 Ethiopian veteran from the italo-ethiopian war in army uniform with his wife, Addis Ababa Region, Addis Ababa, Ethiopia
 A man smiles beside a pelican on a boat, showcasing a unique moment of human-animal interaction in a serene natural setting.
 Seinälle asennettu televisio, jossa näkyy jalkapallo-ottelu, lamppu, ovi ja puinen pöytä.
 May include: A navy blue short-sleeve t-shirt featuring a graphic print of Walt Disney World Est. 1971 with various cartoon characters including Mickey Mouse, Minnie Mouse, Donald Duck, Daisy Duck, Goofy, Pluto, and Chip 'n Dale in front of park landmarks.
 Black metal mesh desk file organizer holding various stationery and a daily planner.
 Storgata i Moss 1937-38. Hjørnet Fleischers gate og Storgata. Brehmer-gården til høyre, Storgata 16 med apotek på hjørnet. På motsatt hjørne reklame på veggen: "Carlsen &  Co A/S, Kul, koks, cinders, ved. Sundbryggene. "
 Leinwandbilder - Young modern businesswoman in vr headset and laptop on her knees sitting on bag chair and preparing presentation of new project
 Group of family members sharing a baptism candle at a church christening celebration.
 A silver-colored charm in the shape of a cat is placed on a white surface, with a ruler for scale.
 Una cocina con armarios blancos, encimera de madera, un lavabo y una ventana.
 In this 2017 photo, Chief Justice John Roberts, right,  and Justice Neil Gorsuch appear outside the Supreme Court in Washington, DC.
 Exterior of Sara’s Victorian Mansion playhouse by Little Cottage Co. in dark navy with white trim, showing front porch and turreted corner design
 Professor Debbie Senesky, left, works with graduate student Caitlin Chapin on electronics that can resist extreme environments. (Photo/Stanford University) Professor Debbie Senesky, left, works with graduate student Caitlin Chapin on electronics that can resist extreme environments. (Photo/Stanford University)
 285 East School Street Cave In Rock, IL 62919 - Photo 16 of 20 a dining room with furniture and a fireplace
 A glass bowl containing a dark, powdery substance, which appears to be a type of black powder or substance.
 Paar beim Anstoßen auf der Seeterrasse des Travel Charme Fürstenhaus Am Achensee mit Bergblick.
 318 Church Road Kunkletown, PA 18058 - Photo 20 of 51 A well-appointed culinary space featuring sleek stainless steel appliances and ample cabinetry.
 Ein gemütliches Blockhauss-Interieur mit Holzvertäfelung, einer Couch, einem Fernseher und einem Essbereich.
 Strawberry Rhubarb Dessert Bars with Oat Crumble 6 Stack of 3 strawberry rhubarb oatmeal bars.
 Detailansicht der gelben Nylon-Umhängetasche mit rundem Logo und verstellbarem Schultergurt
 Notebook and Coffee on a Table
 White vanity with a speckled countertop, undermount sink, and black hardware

◆ ◆ ◆ ◆

» **Task prompt**
Please copy, word for word, every line from the first line of the records through the line containing "Una cocina con", with both of those lines included and nothing else.

» **Solution to this problem**
 Ethiopian veteran from the italo-ethiopian war in army uniform with his wife, Addis Ababa Region, Addis Ababa, Ethiopia
 A man smiles beside a pelican on a boat, showcasing a unique moment of human-animal interaction in a serene natural setting.
 Seinälle asennettu televisio, jossa näkyy jalkapallo-ottelu, lamppu, ovi ja puinen pöytä.
 May include: A navy blue short-sleeve t-shirt featuring a graphic print of Walt Disney World Est. 1971 with various cartoon characters including Mickey Mouse, Minnie Mouse, Donald Duck, Daisy Duck, Goofy, Pluto, and Chip 'n Dale in front of park landmarks.
 Black metal mesh desk file organizer holding various stationery and a daily planner.
 Storgata i Moss 1937-38. Hjørnet Fleischers gate og Storgata. Brehmer-gården til høyre, Storgata 16 med apotek på hjørnet. På motsatt hjørne reklame på veggen: "Carlsen &  Co A/S, Kul, koks, cinders, ved. Sundbryggene. "
 Leinwandbilder - Young modern businesswoman in vr headset and laptop on her knees sitting on bag chair and preparing presentation of new project
 Group of family members sharing a baptism candle at a church christening celebration.
 A silver-colored charm in the shape of a cat is placed on a white surface, with a ruler for scale.
 Una cocina con armarios blancos, encimera de madera, un lavabo y una ventana.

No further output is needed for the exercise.